Becky Fulgham and the Southeast Missouri Music Academy Youth Orchestra will begin playing at 1:50 p.m.

The mountain dulcimer performance and Drawing Group demonstration are scheduled for 2 p.m., followed by pianist Dan Cotner at 2:30. The building will close at 5 p.m.

ArtsCape will reopen at 11 a.m. Sunday, and Thomas will continued his mural. Fulgham and music academy piano students will begin performing at 1:10 p.m., followed at 1:30 by vocalist Charlene Peyton.

At 2 p.m., vocalists Chris Goeke and Lori Shaffer will perform, and Robert Parsons will demonstrate stained glass-making. Joplin and the Drawing Group will work from 2-4 p.m.

The final performance of the event will be by Gary Miller and the Southeast Missouri Double Reed Band at 3 p.m.

ArtsCape will close at 4 p.m. Sunday.

Brothers said the intention is to make ArtsCape an annual affair.

"It's really meant to be a family event," she says. "The kind of thing you can all go to together."
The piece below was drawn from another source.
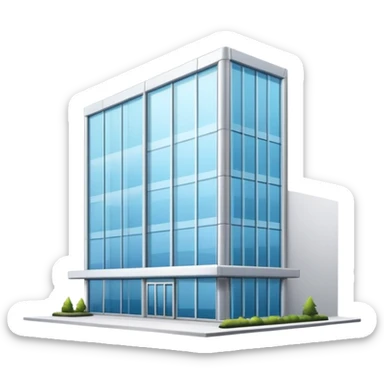 building with supplier emphasis sticker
ArtsCape is sponsored by the Bicentennial Committee, Southeast Missouri Council on the Arts and Southeast Missouri State University.
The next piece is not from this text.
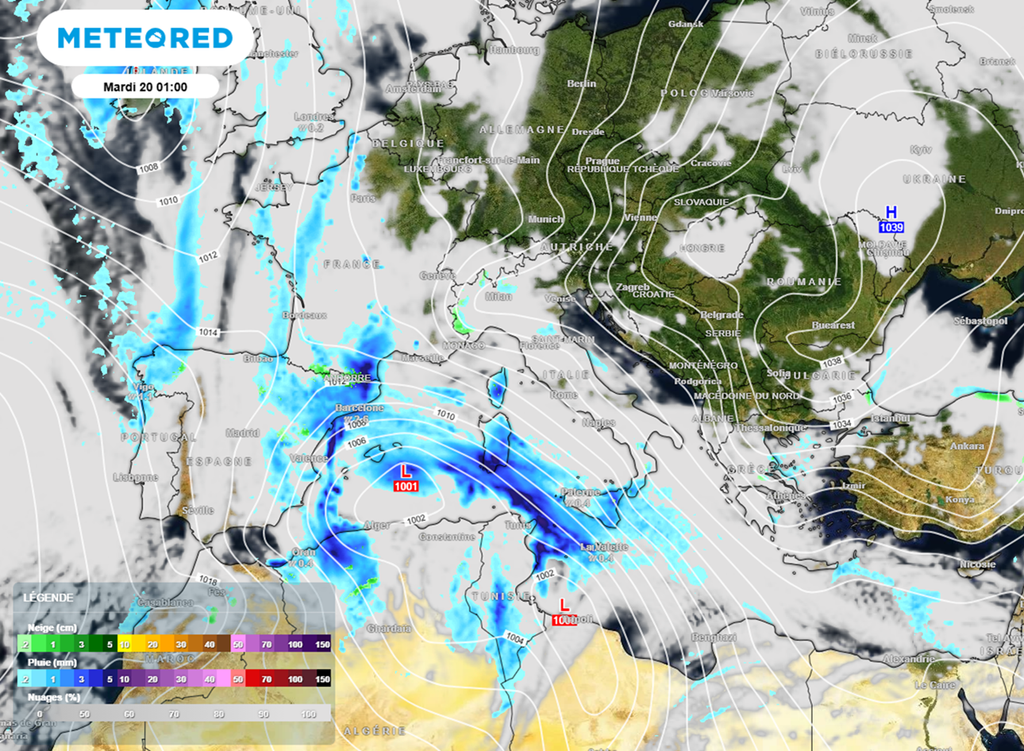 Le système dépressionnaire s'isolera en Méditerranée en début de semaine prochaine.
The singular disappointment of the Bicentennial-themed events so far has been the postponement of the Bicentennial musical "Lou-ee." David Kaempfer's original work about Louis Lorimier's life in Cape Girardeau was to have been performed next weekend but timing appears to have scuttled the show.

It requires a cast of nearly 35 people, and finding singers for some important roles reportedly was difficult because of competing shows now in rehearsal.